What about the following solution?
// preparing the dataset
val input = spark.
read.
text("input.txt").
as[String].
filter(line => !line.startsWith("Name")).
map(_.split("\\W+")).
withColumn("name", $"value"(0)).
withColumn("size", $"value"(1) cast "int").
withColumn("volumes", $"value"(2) cast "int").

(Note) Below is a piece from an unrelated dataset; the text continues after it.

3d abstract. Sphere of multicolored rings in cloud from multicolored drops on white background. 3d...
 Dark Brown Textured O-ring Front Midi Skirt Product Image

select("name", "size", "volumes")
scala> input.show
+------+----+-------+
| name|size|volumes|
+------+----+-------+
| File1|1030| 107529|
| File2| 997| 106006|
| File3|1546| 112426|
| File4|2235| 117335|
| File5|2061| 115363|
| File6|1875| 114015|
| File7|1237| 110002|
| File8|1546| 112289|
| File9|1030| 107154|
|File10|1339| 110276|
+------+----+-------+
// the final computation
import org.apache.spark.sql.functions._
val (sizeAvg, sizeStddev, volumesAvg, volumesStddev) = input.
groupBy().
agg(avg("size"), stddev("size"), avg("volumes"), stddev("volumes")).
as[(Double, Double, Double, Double)].
head
val sizeLessThanStddev = col("size") < (sizeAvg - 2 * sizeStddev)
input.filter(sizeLessThanStddev)
This is only a first part of the 4-part filter operator, and am leaving the rest as a home exercise.
Thanks for your comments guys.
So this solution is for the Java implementation of Spark. If you want the implementation of Scala, look at Jacek Laskowski post.
Solution:
//first convert the columns Size and Records to a List<Double>
List<Double> sizeList = dataFrame.select("Size").javaRDD().map(f -> f.getDouble(0)).collect();
List<Double> recordsList = dataFrame.select("Records").javaRDD().map(f -> f.getDouble(0)).collect();
//then convert the lists into JavaDoubleRDD
JavaDoubleRDD size = sparkContext.parallelizeDoubles(sizeList);
JavaDoubleRDD records = sparkContext.parallelizeDoubles(recordsList);
//calculate the mean and stddev using the built in functions:
double sizeMean = size.mean();
double sizeStdev = size.stdev();
double recordsMean = records.mean();
double recordsStdev = records.stdev();
After that I can finally use those values in the Column comparison functions.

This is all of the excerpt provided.